On Troubleshooting

I’ve spent a lot of time over the last several years wondering how one can teach troubleshooting. That is, how does one develop the set of skills necessary to recognize computing problems, quickly coming to an idea of what likely root cause is (and what is not), testing that assumption, and then reaching a solution or returning back to square zero based on that test (or even evaluating the validity of the test).

I’m not sure if troubleshooting skills are gifts, some function of IQ level, learned, developed, sharpened, I don’t know. Some people seem to have them and some don’t.

But the ever-hopeful educator in me would like to think they can be tuned and developed over time, or in some way, the fundamentals could be taught — much like the fundamentals in baseball or other endeavors.

One of those fundamentals is making observations about system events and learning to recognize “out of the ordinary” events or errors. Some errors are normal (or expected) and some aren’t. Figuring out the root causes of these is one of the keys to troubleshooting

Case in point:

I make it a habit to check my system log often looking for anomalies, software errors, failed login attempts (like the 2820 login attempts as ‘root’ today from some IP address in Japan — stop it already, will ya?).

Last week I had a bunch of errors that looked like this:

rambleon kernel: arplookup 152.1.68.245 failed: host is not on local network

Which is a little out of the ordinary. Looking a little closer showed the messages to be occurring about every hour. So there are two questions here:

  1. Why are the messages appearing in the first place?
  2. Why are they appearing every hour?

The second question is what trips up a lot of folks. They either focus solely on the second issue — “how does this error keep occurring?” And solving that, they never progress to really getting to the “why” of the error — they’ll just stop whatever is causing the display of the error. Or they discount it as immaterial to the matter at hand “who cares how many times the error occurs, it is still an error”

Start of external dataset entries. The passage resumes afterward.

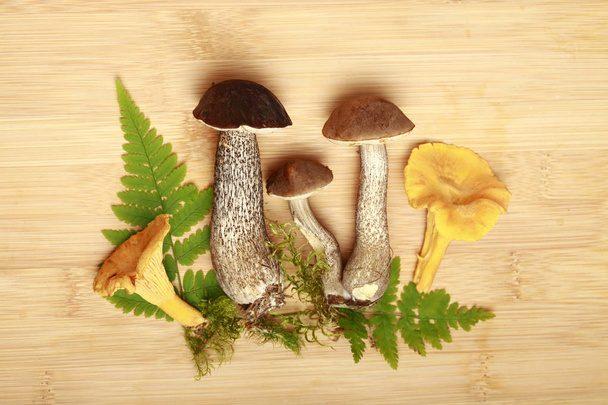 mushrooms and leaves of fern on a wooden background - Fotografie, Obrázek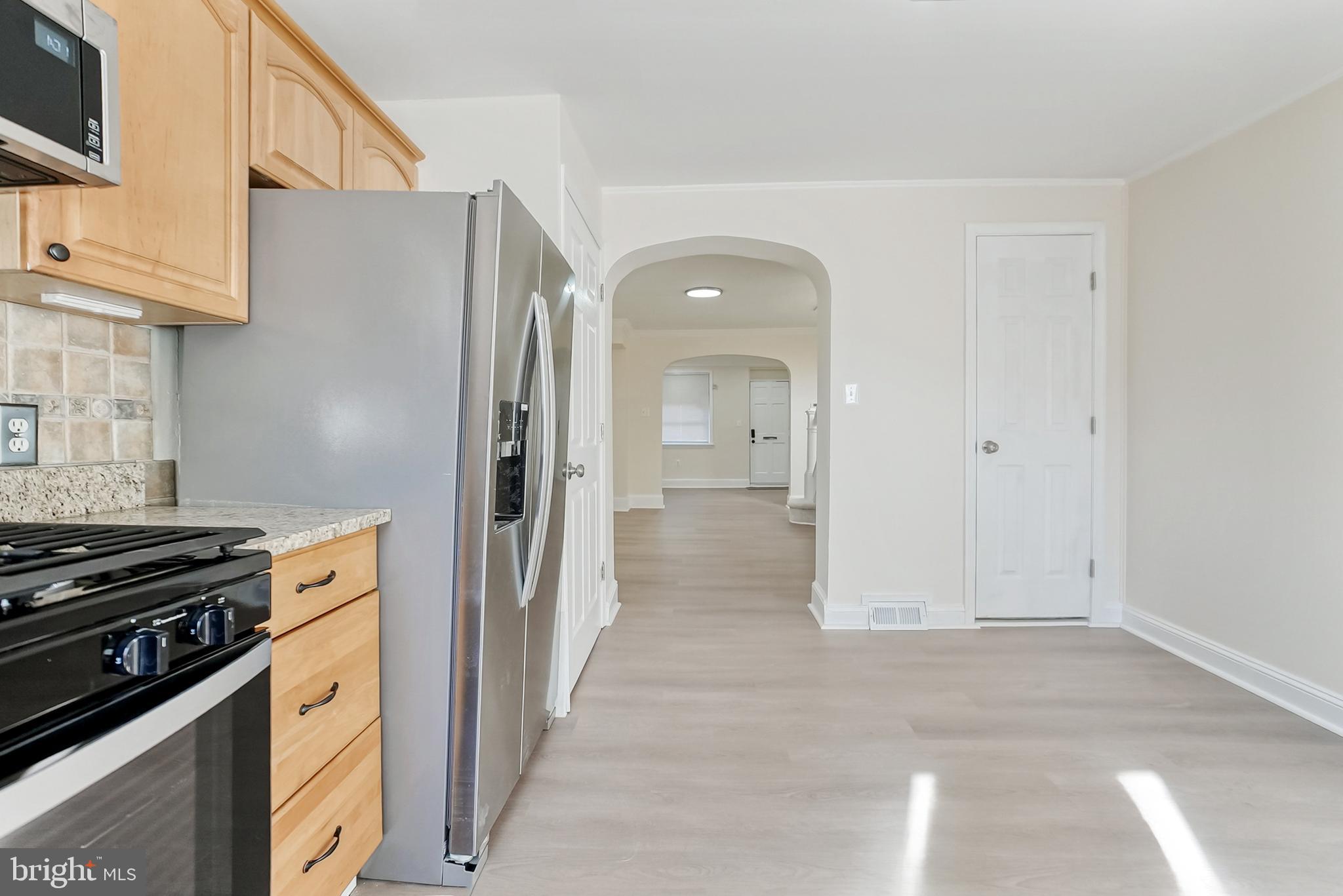 2725 Hudson Street Baltimore, MD 21224 - Photo 31 of 66 a kitchen with stainless steel appliances granite countertop a refrigerator and a stove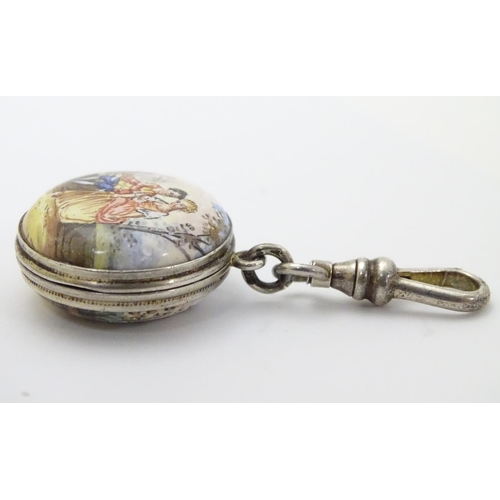 335 - A 19thC double sided locket with enamel decoration depicting figures in a landscape approx 7/8'' dia... 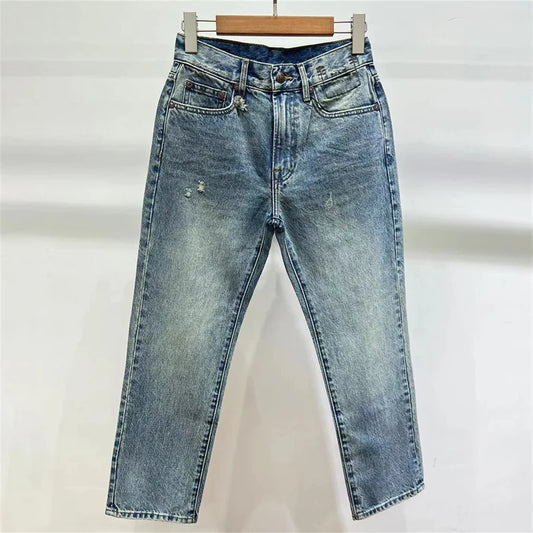 Slim fit denim jeans with a light wash, featuring a high waist and straight legs | SuzzaneMarket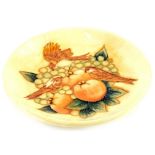 A Moorcroft pottery plaque, decorated with fruit, birds, in shades of brown, beige and green,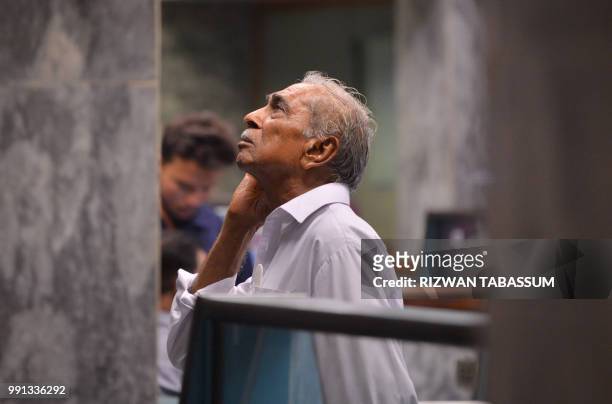 Pakistani stockbroker looks at the latest share prices on a digital board during a trading session at the Pakistan Stock Exchange in Karachi on July...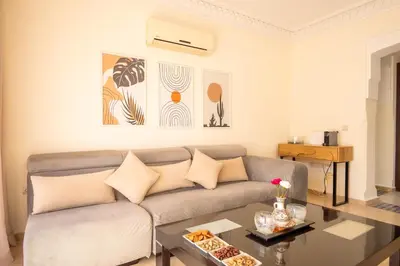 a living room with a couch and a table at Luxury 2 BDRM in Hivernage with Pool and Garden in Marrakech
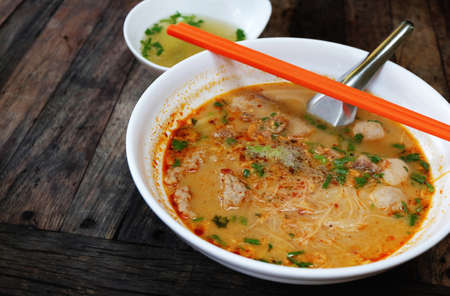 spicy noodle on wooden table, thai styleの写真素材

The second question is really the key for discovering more information — it gives us the glimpse that the problem is repeatable — that is, if we can discover what is causing the error to display, we then can control its display ourselves, and set up a test to get to the root cause

152.1.68.245 is the IP address of one of our webservers. In fact, it’s the address for the www.itecs.ncsu.edu “virtual host.” It’s plausible that my desktop machine could be talking any of our servers every hour, but most web traffic is “bursty” — you read some pages, do some things, read some more pages, do some other things. It’s not really periodic — unless my desktop machine was running some kind of status check every hour for some reason. This is when it helps one to know exactly what is running on one’s desktop as much as possible. In this case, it was my copy of NetNewsWire — checking the RSS feeds for the ITECS/Systems home page. To test that, I’d get the error every time I forced NetNewsWire to check the NCSU feeds

So now, I had a tested source of the repeating errors — but why are they occurring? That’s the part of troubleshooting where experience and knowledge does come back in. I do know what an ARP is and the basics of IP networking and address resolution. But not having that knowledge wouldn’t have prevented me from solving the problem. If I didn’t know what ARP was, I could have easily looked it up and keyed on what the difference was between a local and non-local network host/address. The biggest part of troubleshooting is that I recognized the patterns and knew something was up — “every time my computer checks the webserver’s feed — it prints this error”. And probably the only reason I know anything about ARP and Subnets is the fact that something like this has come up in the 10+ years that I’ve been doing System Administration.

My “gut instinct” was to immediately check the network configuration on my desktop. For some reason, like an incorrect subnet mask — my computer thought that 152.1.68.245 was local — and not actually on the other side of the default router from my desktop computer. Sure enough I had a typo in my subnet mask. Correcting that has happily made all the messages go away.